Rendue publique en mai 2015 par Cumhuriyet , “l’affaire des camions” avait rapidement défrayé la chronique. Remettant en cause la version officielle des autorités turques selon lesquelles les véhicules transportaient de l’aide humanitaire, ces révélations se sont rapidement transformées en affaire d’Etat et ont conduit le président Recep Tayyip Erdogan à dénoncer un “complot” destiné à le faire tomber.


A l’origine de la publication, le rédacteur en chef du journal Cumhuriyet, Can Dündar, et le chef du bureau à Ankara, Erdem Gül, ont été accusés de “divulgation de secrets d’Etat”, “soutien à une organisation terroriste” et d’“espionnage”. Leur cas, qui étaient également examinés le 14 juin par le tribunal d’Istanbul, a finalement été dissocié de celui d’Enis Berberoğlu et leur procès a été ajourné.

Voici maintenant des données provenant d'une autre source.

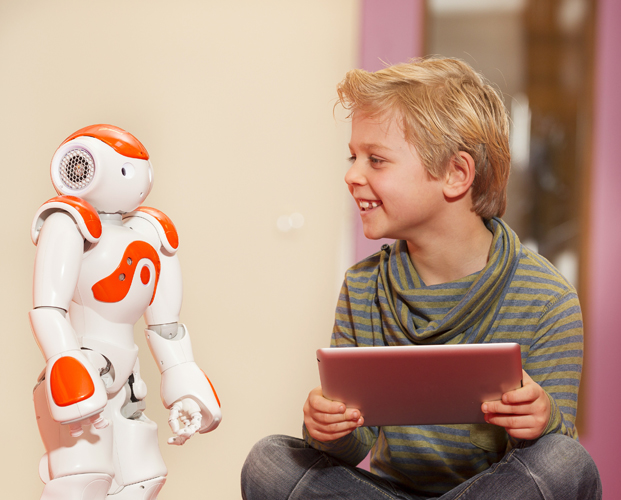 A boy with robot and tablet computer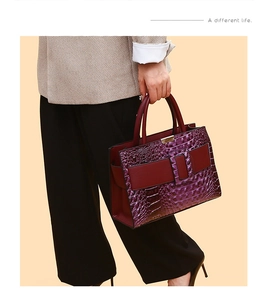 Detail of burgundy tote bag featuring embossed crocodile pattern and decorative buckle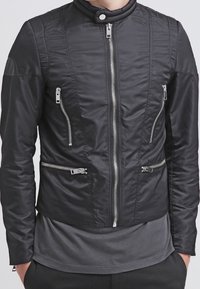 Svart vadderad jacka med hög krage, dragkedjefront och flera fickor med dragkedja. Slät textur med en strukturerad design.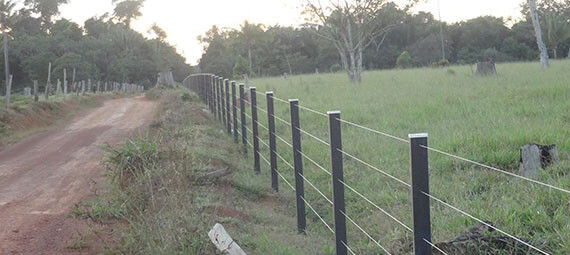 Construção de cercas em uma propriedade rural, mostrando arame liso e madeira.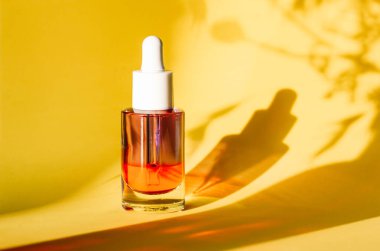 Sarı arka planda yüz ve vücut bakımı için serumu olan cam kozmetik kavanozu. Kadınlar için bakım ürünleri. Kadın güzellik aleti ve kozmetik. Bitkilerin gölgeleriyle doğal arkaplanda yüz serumu.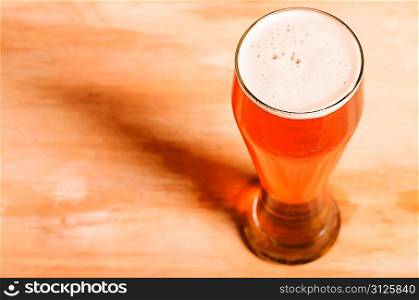 glass of fresh lager beer on wooden table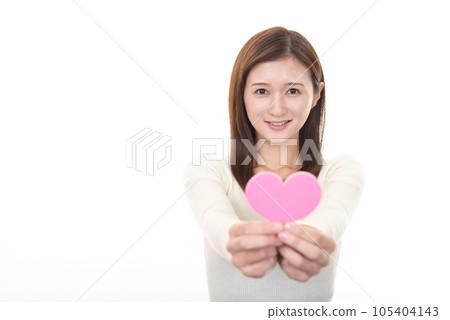 A woman with a heart-shaped object A woman with a heart-shaped object 105404143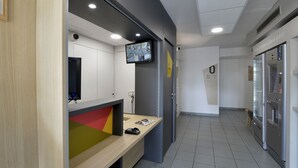 A modern, well-lit lobby with a reception desk, a mounted TV, and a refrigerator.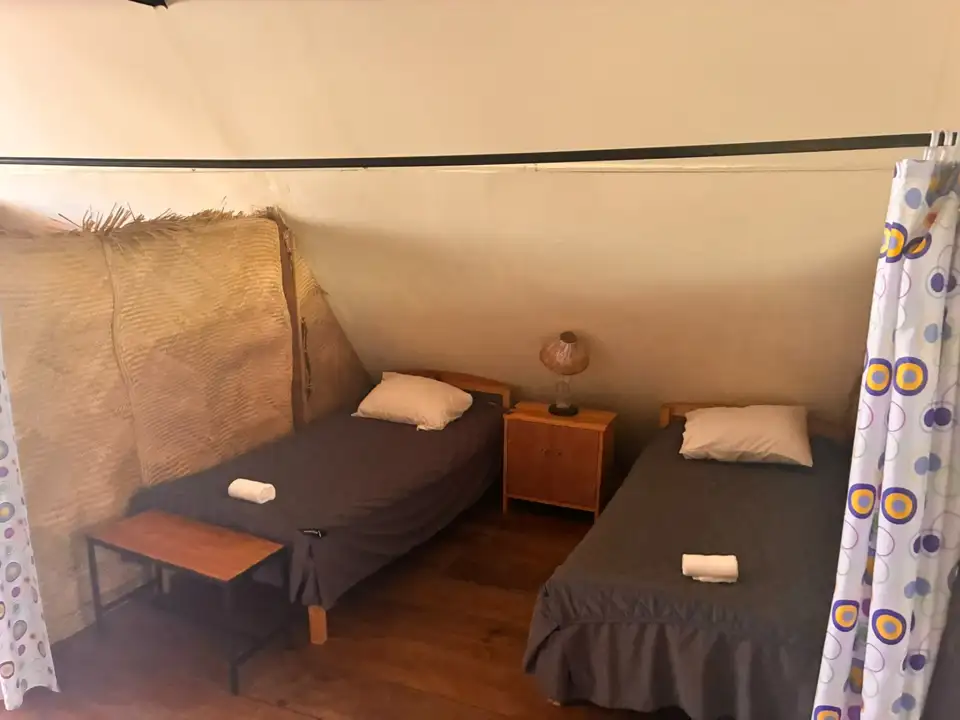 Segundo dormitorio de Aguacatillo con camas individuales, cortinas de colores y suelo de madera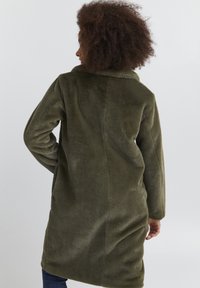 Grön fleecejacka med krage, långa ärmar och rak skärning. Texturen verkar mjuk och bekväm, och går ner till mitten av låret.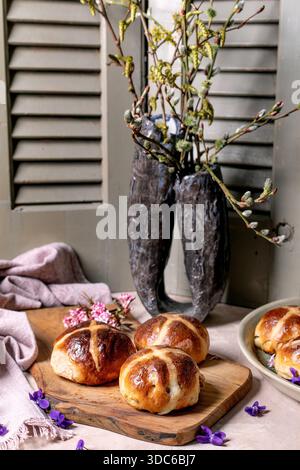 Hot cross buns on wooden cutting board with spring decoration. Easter pastry styled with willow branches in rustic vase, pink blossoms and violet flow Stock Photo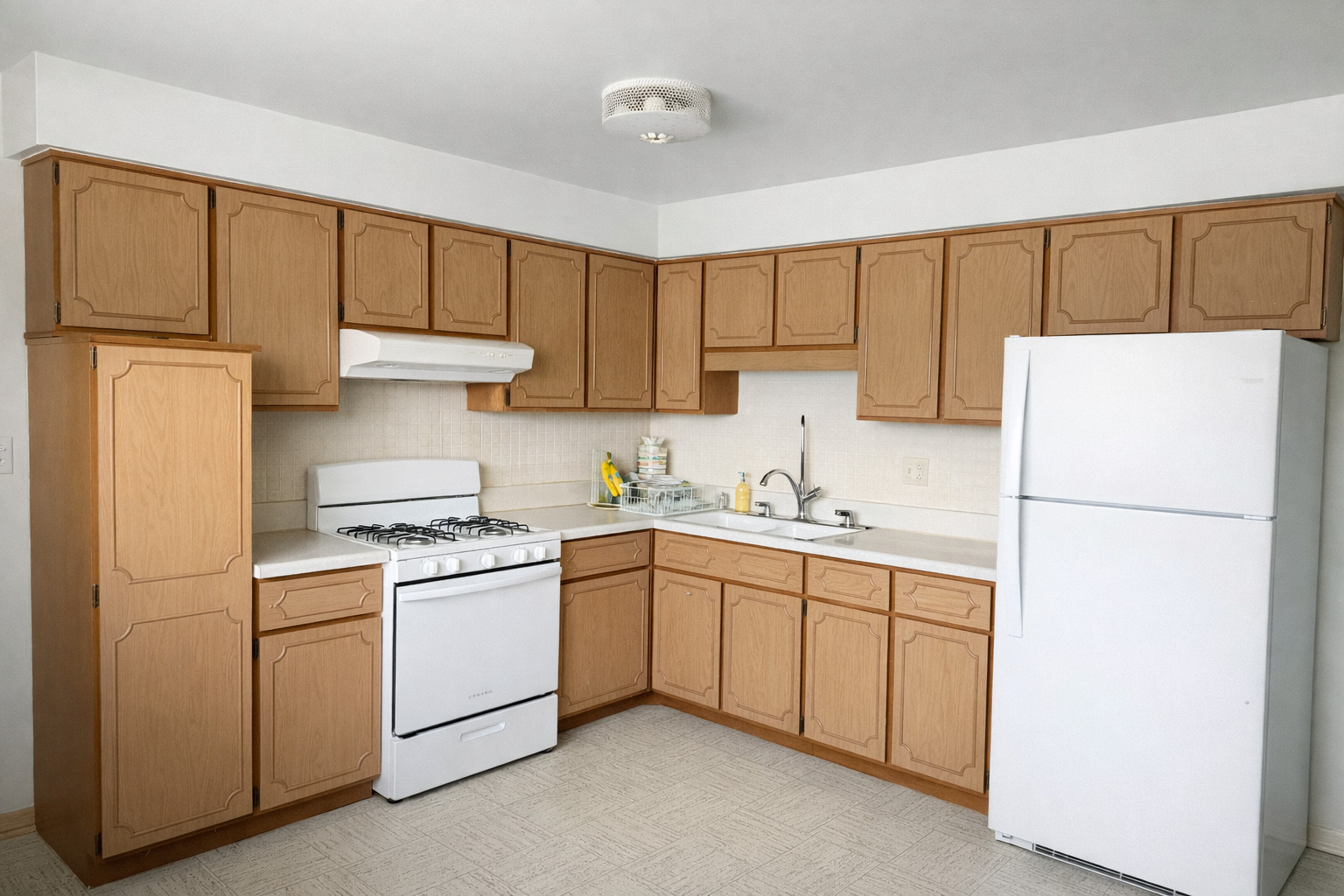 8304 W Forest, Unit 3W Chicago, IL 60634 - Photo 3 of 8 a kitchen with a sink a refrigerator and cabinets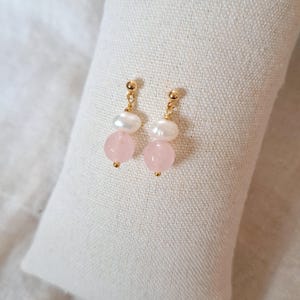 May include: Gold-coloured earrings with a freshwater pearl and a pink rose quartz bead. The earrings are presented on a white, textured surface. The earrings have a post-back closure.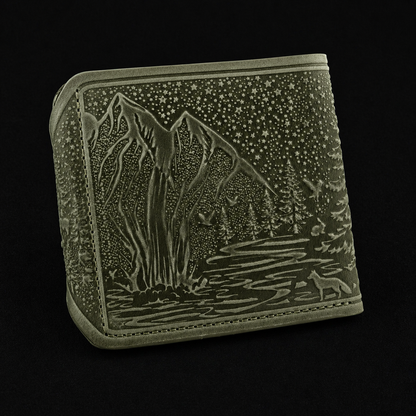 Green wallet with nature-themed design on a black background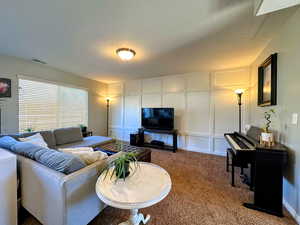 Carpeted living room with accent wall and a textured ceiling
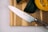 A sharp kitchen knife with a shiny blade and a metallic handle is placed on a wooden cutting board. Beside it, there are sliced and whole squash, showcasing their orange and green outer skins.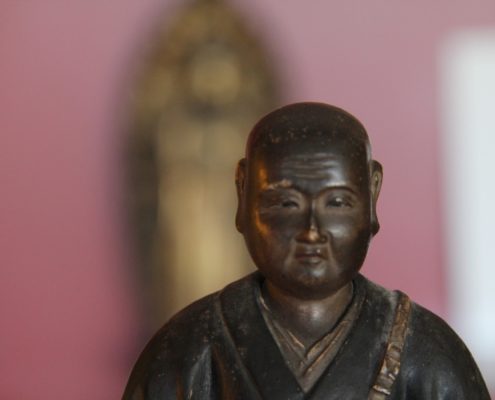 Image du buste d'une sculpture de bouddha, devant un arrière-plan flou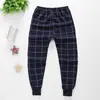 Calça térmica infantil 2026 outono e inverno, calça de dormir quentinha para meninos e meninas, material 100% algodão, calça de casa infantil estampada da moda, em estoque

Réagissant à la condamnation et à la décision du tribunal d’Istanbul, Can Dündar qui est aujourd’hui en exil en Allemagne, a déclaré à RSF: “Le palais de justice est sous le contrôle total du palais présidentiel. Je continue à défendre ma publication, à défendre la vérité. Nous ne sommes pas ceux qui doivent être jugés. C’est le président Erdoğan et les services secrets qui doivent l’être.


De son côté, RSF dénonce “une condamnation disproportionnée qui s’apparente à une forme de revanche politique de la part des autorités turques” et demande l’acquittement des charges qui pèsent contre les journalistes. L’organisation rappelle que “l’accusation pour soutien à une organisation terroriste est non seulement totalement infondée mais témoigne aussi de la criminalisation persistante du journalisme en Turquie.


La Turquie occupe la 155e sur 180 pays au Classement mondial de la liberté de la presse établi en 2017 par RSF. Déjà très préoccupante, la situation des médias est devenue critique sous l’état d’urgence proclamé à la suite de la tentative de putsch du 15 juillet 2016 : près de 150 médias ont été fermés, plus de 100 journalistes sont emprisonnés et plus de 775 cartes de presse ont été annulés.